There are times when I can’t be intimate and pain seeps into the night, stealing the sleep and my husband’s company I so enjoy. On those nights he sleeps in the guest room because the pressure of his body on the mattress is unbearable. He is understanding, kind, empathetic and never holds grudges. Life has brought me pain, but also given me a wonderful and understanding partner.

Not all partners get along with a chronically ill other half. A man I dated told me, “No man will ever tolerate your health.” His words — which thankfully ruined any chance of a relationship — still ring in my ears, especially when I’m in a flare of pain , because I fear my husband may fulfill this unfair and cruel prophecy.

He assures me that will never happen, and as we lie in bed, our physical connection amplifies his message on a physical level that my brain and anxiety can’t always accept: My husband loves me and desires me just the way he does I am and will never be abandoned.

Even though it causes me pain and there are times when I can’t get on with my urges, intimacy is a priority in my life

Our daughter understands why mom sometimes has to stay in bed for days. She comes to me with her iPad and cuddles with me. She understands and accepts my limitations without question. It is a pure joy and a blessing.

The temptation to read her night story in my bed so I can be a part of it is great, but it disrupts her sleep routine, so I sacrificed that craving. Instead, I make bedtime twice a week when my husband works late. I wince (internally) in pain, but I’m doing it so I don’t lose those precious early years.

Then I go straight to bed myself and recover from the day, torment, stress and worries. I lose myself in a series, meet up with friends and family or, if I want to, write or edit an article for my work as a journalist. My bed is a safe, comfortable place that doesn’t involve trauma.

At our previous home and at my parents’ house, I spent so much time in bed sick or recovering from multiple painful, traumatizing surgeries that bed was no longer a place of refuge. It made me anxious and unhappy just to be in this room. But luckily that didn’t happen in our new house. I hope it never will.

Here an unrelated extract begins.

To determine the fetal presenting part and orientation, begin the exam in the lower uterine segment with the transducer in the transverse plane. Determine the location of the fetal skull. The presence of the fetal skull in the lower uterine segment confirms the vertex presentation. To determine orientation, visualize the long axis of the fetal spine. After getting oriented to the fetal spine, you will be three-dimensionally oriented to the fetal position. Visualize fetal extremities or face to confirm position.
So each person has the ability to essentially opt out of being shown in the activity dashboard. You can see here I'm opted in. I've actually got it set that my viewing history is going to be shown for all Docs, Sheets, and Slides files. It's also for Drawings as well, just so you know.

Some won’t understand if I explain that I often work in bed or consider myself lazy, but I take this freedom to stay in my pajamas all day as the ultimate benefit of being self-employed.

I’m not interested in people judging how I deal with it, or those trying to heal me with their toxic positivity and silly suggestions about yoga or turmeric. My illness is incurable. Only billions poured into research will change that.

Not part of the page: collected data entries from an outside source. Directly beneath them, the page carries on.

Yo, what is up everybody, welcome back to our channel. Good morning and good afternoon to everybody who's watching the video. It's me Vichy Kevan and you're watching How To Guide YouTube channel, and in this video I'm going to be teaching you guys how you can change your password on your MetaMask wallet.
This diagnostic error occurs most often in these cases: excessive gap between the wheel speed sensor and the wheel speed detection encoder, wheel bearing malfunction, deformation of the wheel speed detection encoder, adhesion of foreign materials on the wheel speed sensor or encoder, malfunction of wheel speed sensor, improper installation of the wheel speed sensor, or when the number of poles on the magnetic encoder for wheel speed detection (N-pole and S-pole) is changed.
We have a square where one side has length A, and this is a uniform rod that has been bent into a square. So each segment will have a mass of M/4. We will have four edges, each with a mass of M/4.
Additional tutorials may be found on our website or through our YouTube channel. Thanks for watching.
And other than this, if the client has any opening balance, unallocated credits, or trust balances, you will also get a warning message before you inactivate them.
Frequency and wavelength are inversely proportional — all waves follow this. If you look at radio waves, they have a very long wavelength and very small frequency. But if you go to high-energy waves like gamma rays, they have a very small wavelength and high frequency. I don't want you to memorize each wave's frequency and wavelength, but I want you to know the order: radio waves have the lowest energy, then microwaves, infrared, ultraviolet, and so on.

However, if I had a magic wand, I would give myself a healthy, pain-free, and strong body. I hope that someday I’ll feel this way, or at least partially okay.

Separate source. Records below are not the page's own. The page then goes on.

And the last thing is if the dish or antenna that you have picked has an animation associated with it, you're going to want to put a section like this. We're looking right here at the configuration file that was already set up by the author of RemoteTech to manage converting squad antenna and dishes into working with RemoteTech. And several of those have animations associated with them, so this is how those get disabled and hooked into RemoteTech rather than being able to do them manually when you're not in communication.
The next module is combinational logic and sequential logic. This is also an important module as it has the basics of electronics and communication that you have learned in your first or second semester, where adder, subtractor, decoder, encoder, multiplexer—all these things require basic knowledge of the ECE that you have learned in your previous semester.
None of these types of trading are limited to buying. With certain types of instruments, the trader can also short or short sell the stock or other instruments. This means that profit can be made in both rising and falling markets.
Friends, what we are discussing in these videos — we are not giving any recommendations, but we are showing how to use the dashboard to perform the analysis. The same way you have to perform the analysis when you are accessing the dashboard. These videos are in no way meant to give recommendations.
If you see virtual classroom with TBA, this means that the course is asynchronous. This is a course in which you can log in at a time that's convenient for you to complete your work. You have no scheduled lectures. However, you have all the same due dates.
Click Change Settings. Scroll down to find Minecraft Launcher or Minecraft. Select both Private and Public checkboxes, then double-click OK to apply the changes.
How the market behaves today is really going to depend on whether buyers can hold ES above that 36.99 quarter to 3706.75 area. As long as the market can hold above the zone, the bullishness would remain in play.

I’m well past the stage of fighting who I am and trying to be “normal” or capable. I’m not, no matter how much I wish I was.

Instead, I find peace and strength by accepting myself, living within the confines of my body, and feeling joy, comfort, and happiness even when that place is my bed.

I know many who have endometriosis and can’t have sex or intimacy, so I’m grateful I can at least do that. Even though it causes me pain and there are times when I can’t get my urges met (in the midst of flare-ups or due to the fatigue of surviving a difficult day or week), it is a priority in my life, intimately to stay.

In bed I don’t feel handicapped or different. In bed I feel nearly normal.